● REQUIREMENT: Within the entries below, please return exactly the lines from the one with "オールセラミッククラウン 痛みが引かない歯の治療の治療中" through the one with "<p>Fluid collects within", leaving out any pictures.

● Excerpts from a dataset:
[Start of section]
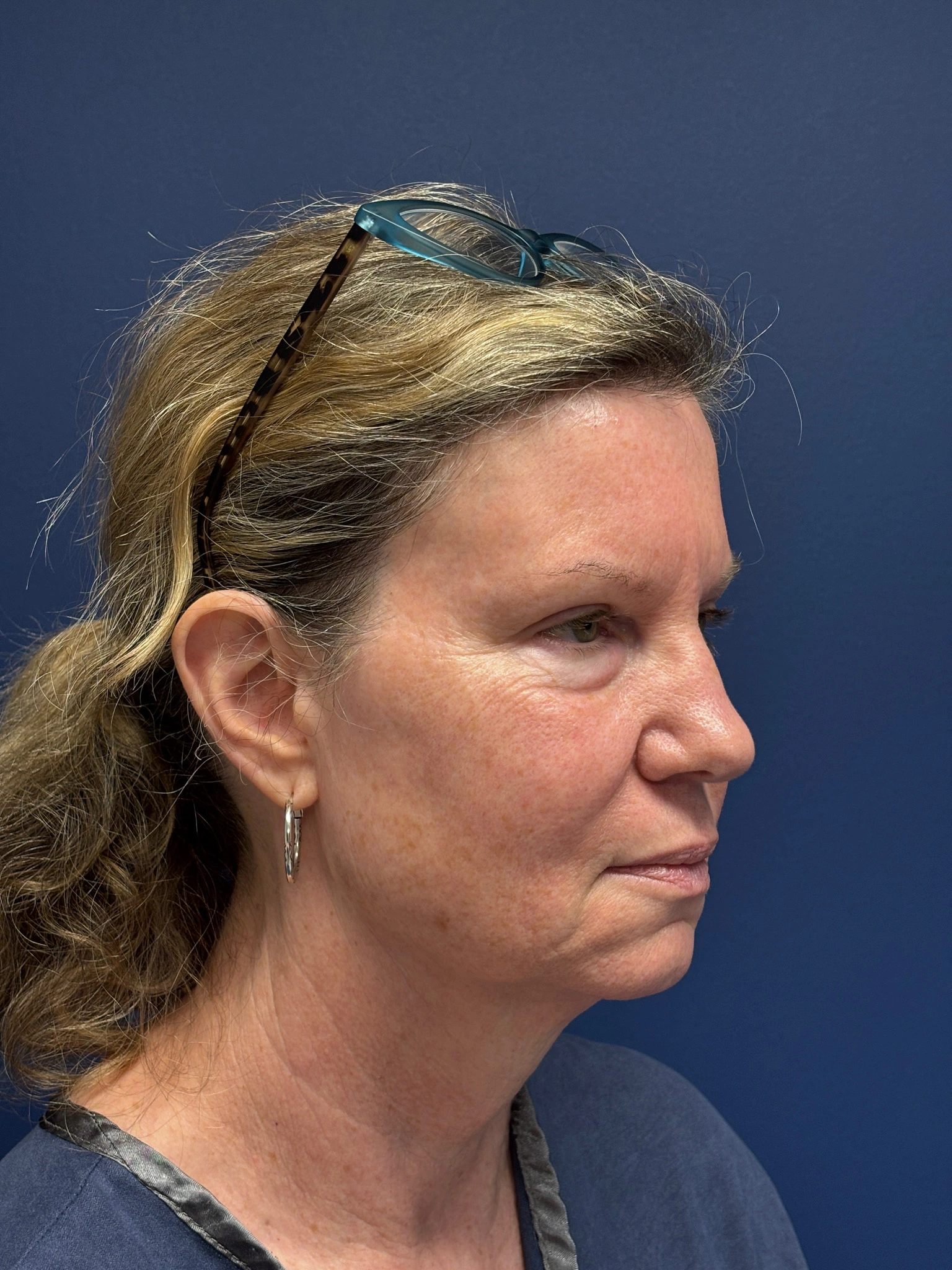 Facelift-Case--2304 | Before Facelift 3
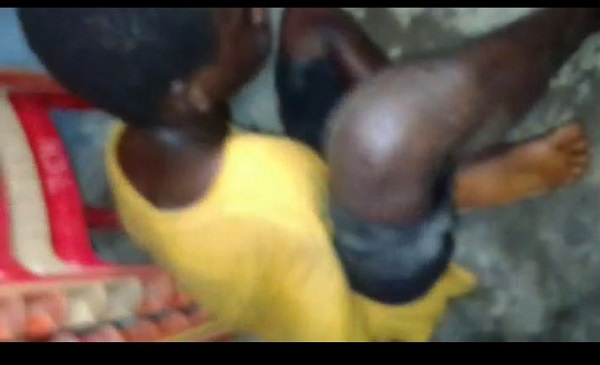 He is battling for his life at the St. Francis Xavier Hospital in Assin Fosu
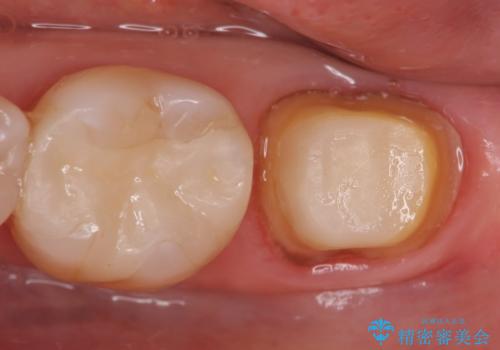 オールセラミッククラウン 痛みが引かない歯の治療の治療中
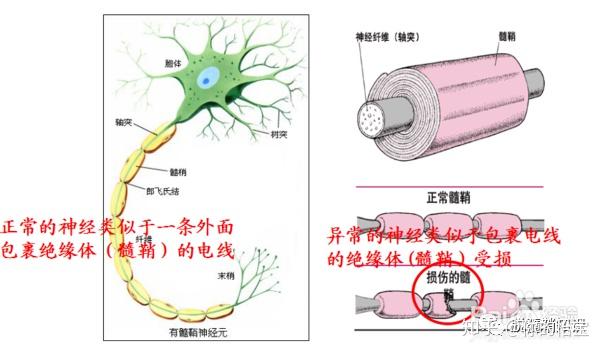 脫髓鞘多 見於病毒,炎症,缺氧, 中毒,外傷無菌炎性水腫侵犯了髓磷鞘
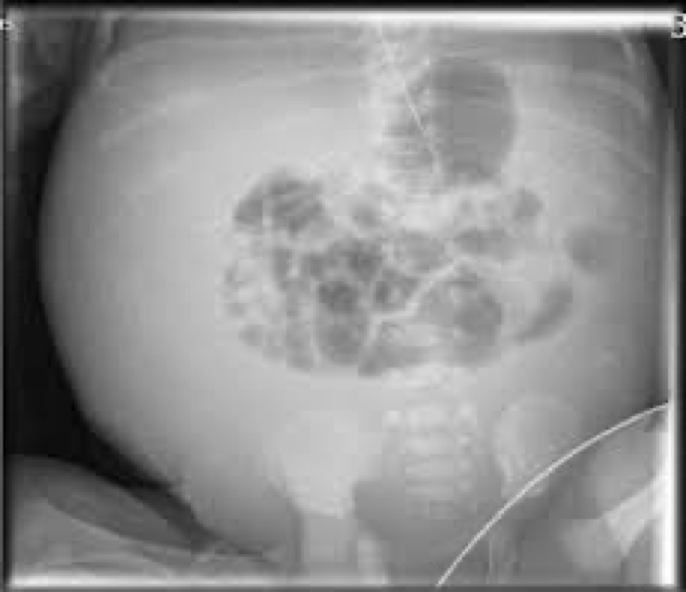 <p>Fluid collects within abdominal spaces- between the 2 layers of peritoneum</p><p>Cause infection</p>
[End of section]
[Start of section]
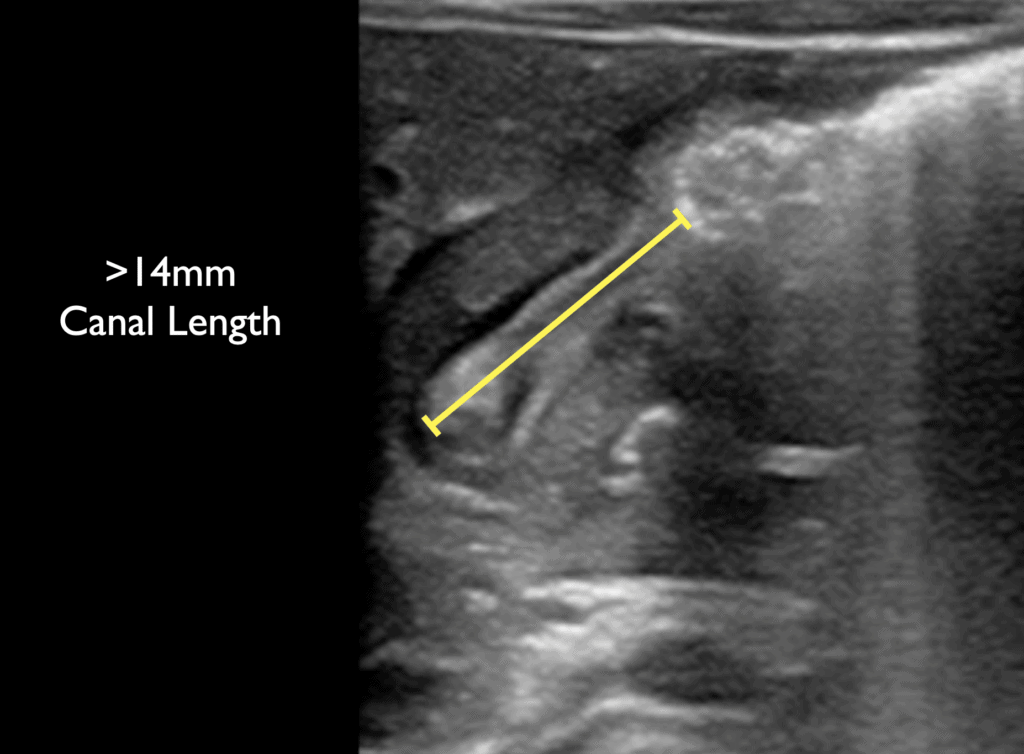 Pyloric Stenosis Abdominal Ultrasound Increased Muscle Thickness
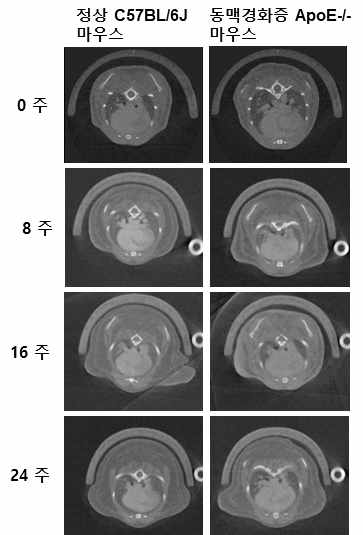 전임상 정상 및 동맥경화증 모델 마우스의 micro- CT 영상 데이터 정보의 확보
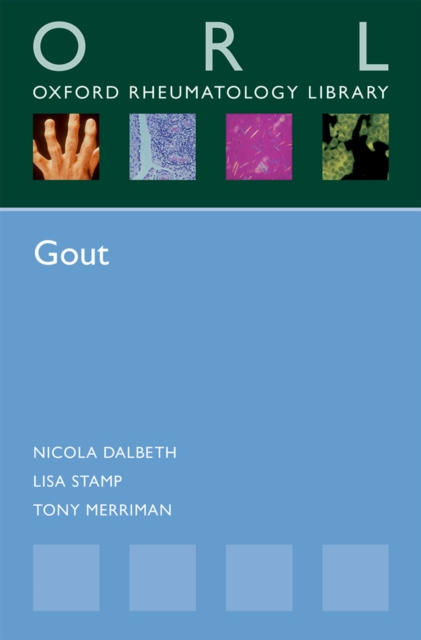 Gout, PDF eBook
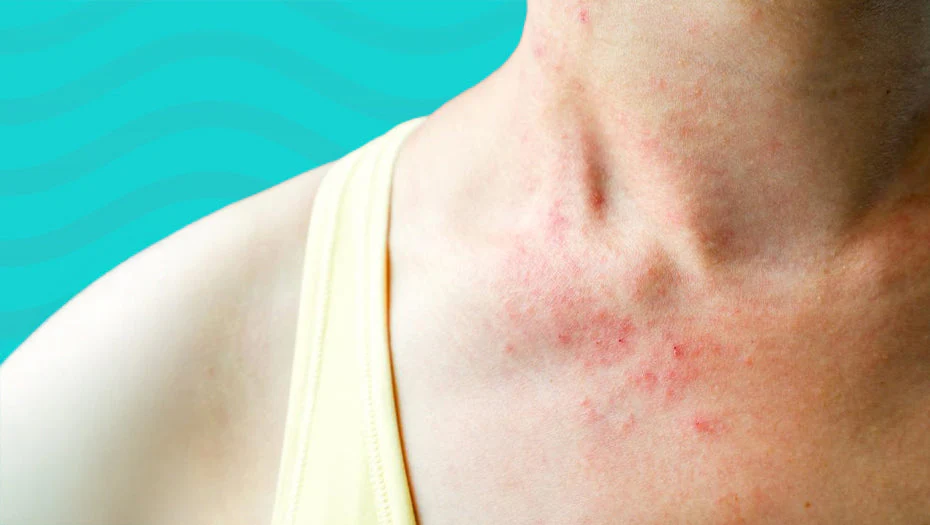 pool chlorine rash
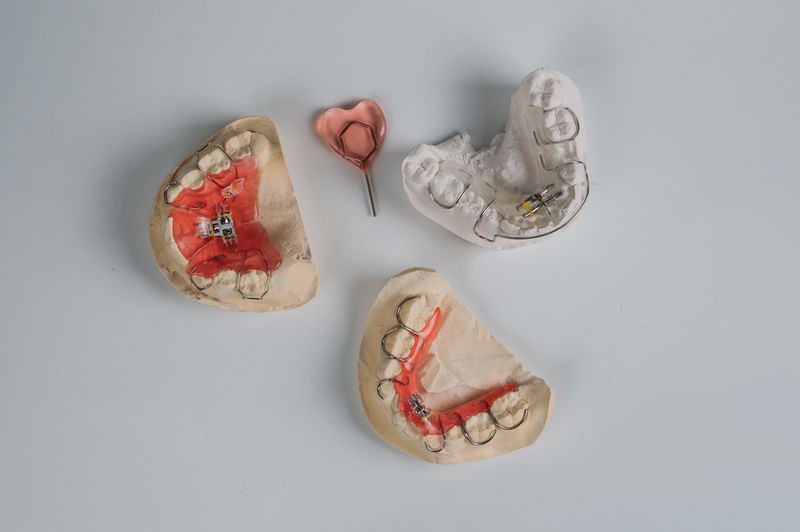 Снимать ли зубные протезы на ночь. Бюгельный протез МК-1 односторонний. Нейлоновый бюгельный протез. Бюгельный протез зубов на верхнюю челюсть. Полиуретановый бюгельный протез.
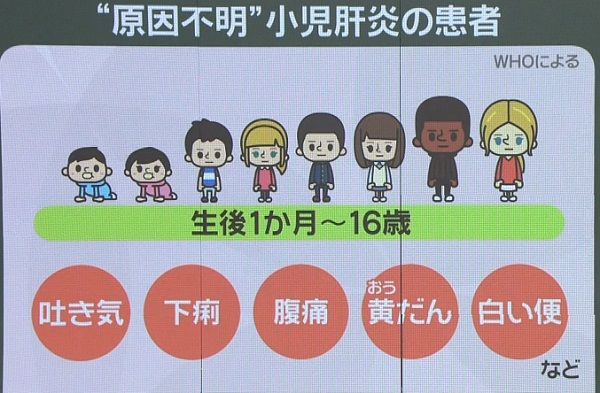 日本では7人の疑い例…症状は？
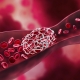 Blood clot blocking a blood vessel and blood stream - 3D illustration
[End of section]
● RESULT:
 オールセラミッククラウン 痛みが引かない歯の治療の治療中
 脫髓鞘多 見於病毒,炎症,缺氧, 中毒,外傷無菌炎性水腫侵犯了髓磷鞘
 <p>Fluid collects within abdominal spaces- between the 2 layers of peritoneum</p><p>Cause infection</p>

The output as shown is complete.